In 1941, she published her memoirs under the title America's Musical Inheritance: Memories and Reminiscences, where she mentioned her goals in Minnesota.... as my health improved, I made more ambitious plans for the advancement of music not only in the university but in the entire Middle West, I felt that the only way in which the young student could learn to discriminate between good and bad music was for him to hear the best, and the only sure way of making him love it for life was to let him take part in its production. So I began to make arrangements to bring the best living artists to Minneapolis to give concerts, oratorios, and operas, which would be augmented musically by our Choral Union.During the summers, Schoen-René would return to Paris to re-focus her own education with Pauline Viardot-Garcia. After training as a singing teacher with her brother Manuel García, she went to Berlin in 1909 as a singing teacher.

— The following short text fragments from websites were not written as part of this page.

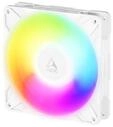 Arctic ACFAN00327A, Arctic P14 Pro Reverse A-RGB (3-pack) - Geh&auml;usel&uuml;fter - 140mm -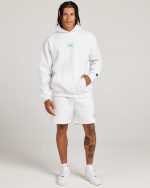 Global Championship Shorts Men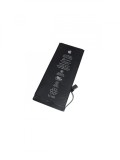 Cumpara ieftin Baterie , acumulator Apple iphone 7 A1778 (Original Service Pack)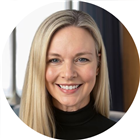 Michelle Kotte, NP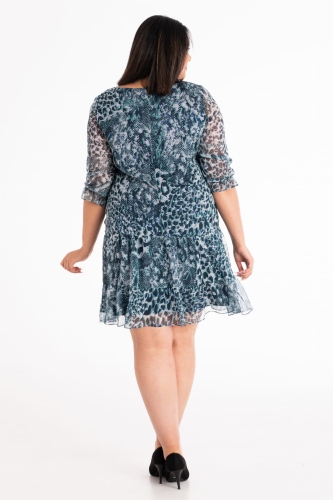 KIRA PANTERKA 10.jpg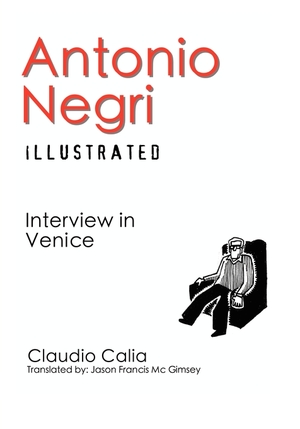 Medium_antonio_negri_illustrated_comic_book_cover_art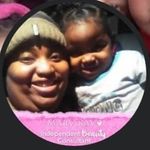 Alisa Brown (bookie) - @alisa.brown.731135 - Instagram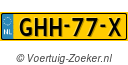 GHH77X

After the start of the First World War, she returned to the United States, where she had been a citizen since 1906. From 1925 on, she taught at the Juilliard School of Music in New York City.

=== Notable students ===
Schoen-René was considered one of the most important singing teachers in the Western world in the 1920s and 1930s. Her strict insistence on discipline earned her the nickname "the Prussian General" among her students. These included many notable vocalists: Lucie Manén, Florencio Constantino, Risë Stevens, Mack Harrell, Judith Doniger, Lanny Ross, Marshall Bartholomew, George Meader, Sonia Essin, Paul Robeson, Thelma Votipka, Lillian Blauvelt, Florence Easton, Karin Branzell, Florence Austral, Charles Kullman, Marie Tiffany, Maria von Maximovitch, Julius Huehn, Eva Gauthier, George Britton, Ramona Rockway, Kitty Carlisle, and Margaret Harshaw.

She died in 1942 in New York City at 78 years of age.

In her will, she created the Anna E. Schoen-René Fund, to be administered by The New York Community Trust, stipulating that the fund's income would be used to help young Americans advance their studies in one of two very different fields, in forestry or in the vocal arts.